**EXERCISE**
Repeat the data. Keep each line identical.

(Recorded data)
+-------+
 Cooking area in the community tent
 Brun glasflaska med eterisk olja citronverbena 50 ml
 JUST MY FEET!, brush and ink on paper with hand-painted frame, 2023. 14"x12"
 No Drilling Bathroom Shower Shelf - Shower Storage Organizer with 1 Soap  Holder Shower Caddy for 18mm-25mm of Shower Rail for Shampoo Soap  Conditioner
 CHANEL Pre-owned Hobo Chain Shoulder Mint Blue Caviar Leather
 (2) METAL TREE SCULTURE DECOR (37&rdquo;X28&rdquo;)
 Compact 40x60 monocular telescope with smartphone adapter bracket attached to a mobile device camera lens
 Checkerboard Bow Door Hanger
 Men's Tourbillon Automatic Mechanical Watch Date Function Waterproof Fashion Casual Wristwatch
+-------+
**ANSWER FOR THE TASK**
 Cooking area in the community tent
 Brun glasflaska med eterisk olja citronverbena 50 ml
 JUST MY FEET!, brush and ink on paper with hand-painted frame, 2023. 14"x12"
 No Drilling Bathroom Shower Shelf - Shower Storage Organizer with 1 Soap  Holder Shower Caddy for 18mm-25mm of Shower Rail for Shampoo Soap  Conditioner
 CHANEL Pre-owned Hobo Chain Shoulder Mint Blue Caviar Leather
 (2) METAL TREE SCULTURE DECOR (37&rdquo;X28&rdquo;)
 Compact 40x60 monocular telescope with smartphone adapter bracket attached to a mobile device camera lens
 Checkerboard Bow Door Hanger
 Men's Tourbillon Automatic Mechanical Watch Date Function Waterproof Fashion Casual Wristwatch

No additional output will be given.